The Einstein Toolkit consists of diverse software components contributed by many different people and used by many more. The consortium welcomes all contributions to the toolkit including bug reports, feature requests, patches, to documentation and software. This page also describes our general philosophy for software contributions and the mechanism for providing software.

Citation

The development of production level scientific software, such as the components of the Einstein Toolkit, represents the academic output of researchers. These scientific contributions should be acknowledged and respected on par with those solely based in theory or experiment.
Citation Guidelines

Email

Please email any questions to the users mail list: [email protected]. This is the primary place where community discussions take place, besides the weekly online meetings.

Tracker

Issues (bugs, wish-list items, tasks) are recorded in a database.

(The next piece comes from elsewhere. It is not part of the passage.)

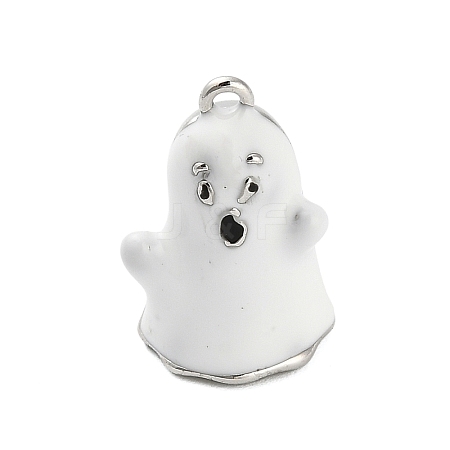 Halloween Brass Enamel Pendants KK-F915-01C-P-1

There they can be discussed, flagged, and assigned to developers. Don't hesitate to report problem you might have found: reporting problems is the first step in helping to solve them.
Tracker

Wiki

Parts of the documentation about the Einstein Toolkit is hosted on a Wiki, as well as pages about sub-projects within the toolkit. Every user is welcome to improve and extend it.
Wiki


A driving principle of the Einstein Toolkit is that it should be directly and reliably useful for research and education. This requirement involves much more than simply making software available for download, and we have the following requirements for software:
  • Components should be of sufficient quality to be used for peer-reviewed and published science. This includes a basic standard of software engineering, documentation of the software including algorithms and methods, tutorials and examples, and self-tests to demonstrate that the software works correctly.
  • To focus development and support, optimize resources, and provide best practises, the Einstein Toolkit components should be of current interest to the community.
  • All components must be distributed under an open source licence so that others can use these components without restrictions (except as mandated by scientific integrity), can modify and improve them as necessary, and can pass on these modifications to their collaborators as they see fit.

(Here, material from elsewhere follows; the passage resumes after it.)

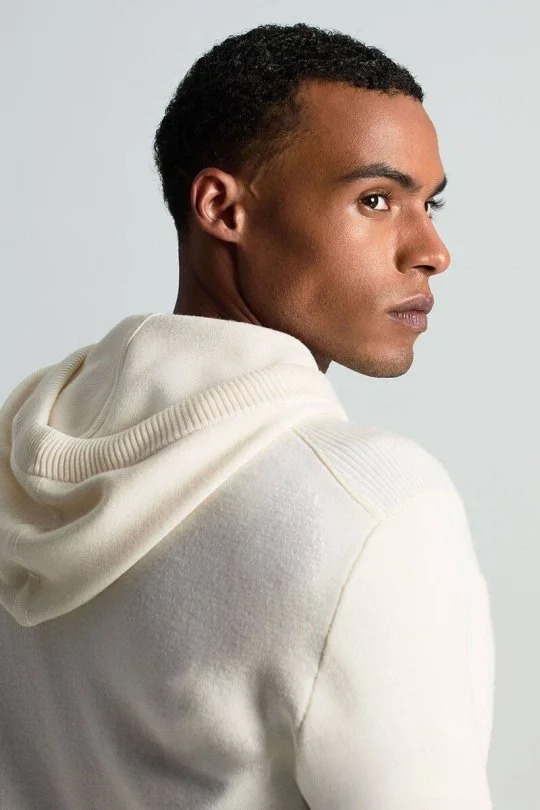 Hemington - M Logolu Kapüşonlu Kırık Beyaz Hoody (4)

Note that the Einstein Toolkit is not aiming to provide a single implementation. The inclusion of alternative components providing the same or similar functionality is welcomed. Further, software does not have to use or be associated with either Cactus or 3D time evolutions. On the contrary, we would love to have tools for pre- and post-processing simulation data, 1D or 2D simulation codes, or visualisation helpers.

How to Contribute New Software Components

New software components need to satisfy the general requirements listed above. In addition, a few measures are necessary to allow for effective integration, use, and support:

  • Components can be hosted in repositories at einsteintoolkit.org, or can be hosted elsewhere. If hosted at einsteintoolkit.org the authors specify who will have write permissions to the repository. If hosted elsewhere, components must be reliably and conveniently publicly accessible. If a server becomes permanently unavailable, they must be moved (e.g. to einsteintoolkit.org) to remain accessible.
  • Several times a year, a new version of the Einstein Toolkit will be released. These releases consist of snapshots of all components and releases need to be coordinated for example to ensure that examples and test cases are up to date, to create tags or branches, and to avoid disruptive changes during the release process.
  • Einstein Toolkit components are developed in an open manner. This means that changes to a component should not surprise the community, and that patches or corrections requested by the Einstein Toolkit maintainers should be considered in a timely manner.

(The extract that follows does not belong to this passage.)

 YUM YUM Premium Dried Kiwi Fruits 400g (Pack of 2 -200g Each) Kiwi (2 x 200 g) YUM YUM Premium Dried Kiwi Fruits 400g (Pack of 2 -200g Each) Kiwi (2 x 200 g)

The current working procedure for contributions is:

  1. Author(s) contacts the Einstein Toolkit consortium (e.g. through the users or maintainers mail lists) about software that they intend to contribute
  2. Discussions take place between the maintainers and author(s) to discuss issues above.
  3. If software will be hosted by the Einstein Toolkit it is put into an "incoming" repository.
  4. The maintainers review the software, and present their recommendation to the whole Consortium to decide if the software becomes a component of the development version of the toolkit.
  5. At the next release, the component is released as part of the toolkit. Credits for the Einstein Toolkit are updated to reflect any additional contributors.